[What is required]
Copy each entry verbatim, excluding its images.

[Image-caption web data]
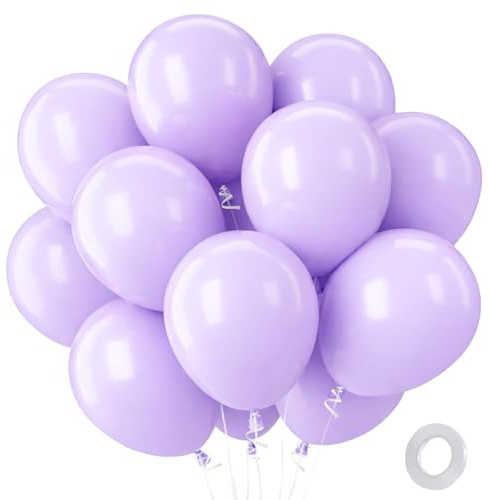 QIFU Lilac Balloons 100 Pack - 12 Inch Macaroon Purple Strong Thicken Birthday Balloons, Round Helium Baloons for Women Girls Birthday Decorations Engagement Anniversary Baby Shower Wedding Halloween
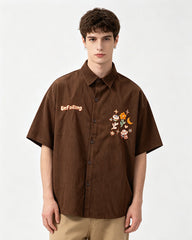 Retro floral short-sleeved shirt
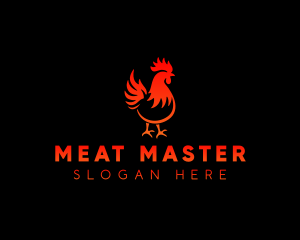 Rooster Bbq Flame logo design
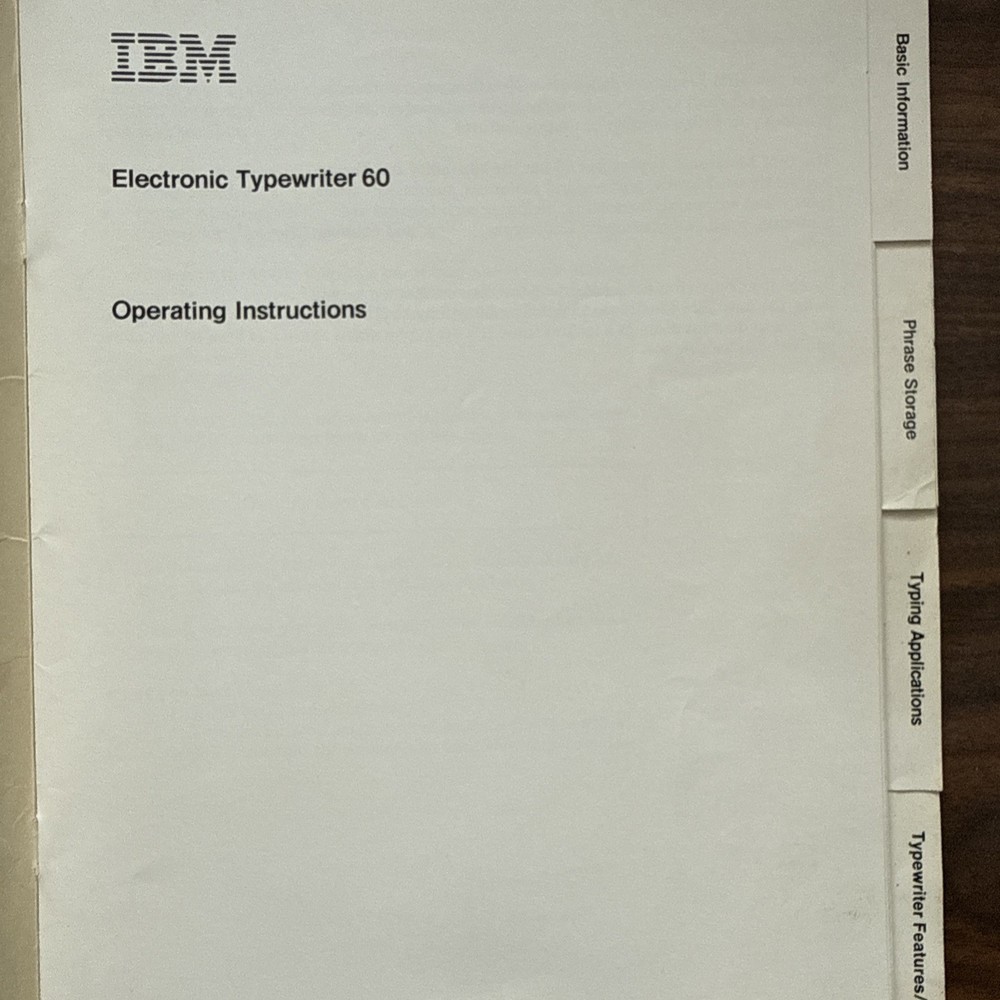 IBM Electronic Typewriter 60 Operating Manual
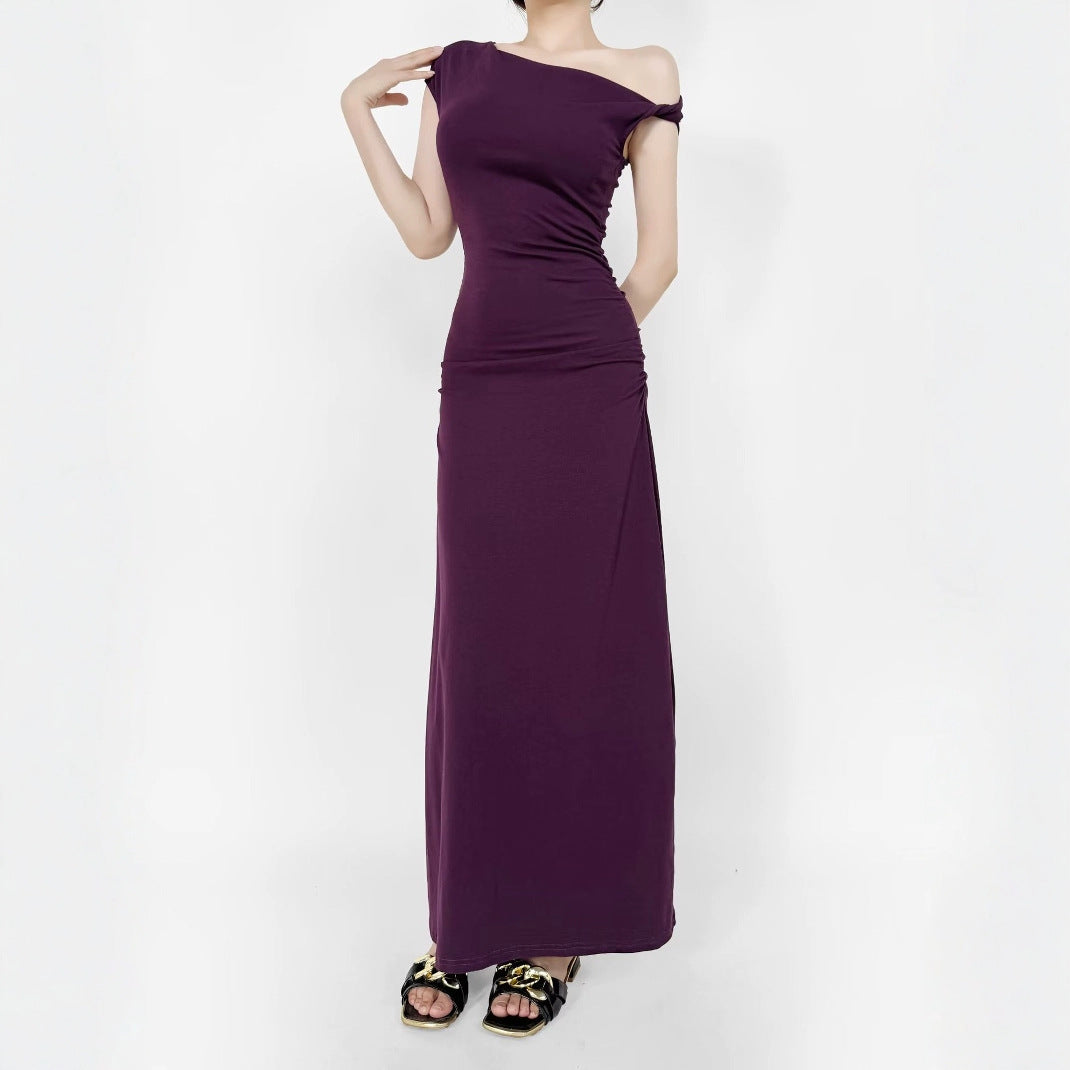 Damen Maxikleid mit asymmetrischem Ausschnitt und raffinierten Rüschendetails Drune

[Answer box]
 QIFU Lilac Balloons 100 Pack - 12 Inch Macaroon Purple Strong Thicken Birthday Balloons, Round Helium Baloons for Women Girls Birthday Decorations Engagement Anniversary Baby Shower Wedding Halloween
 Retro floral short-sleeved shirt
 Rooster Bbq Flame logo design
 IBM Electronic Typewriter 60 Operating Manual
 Damen Maxikleid mit asymmetrischem Ausschnitt und raffinierten Rüschendetails Drune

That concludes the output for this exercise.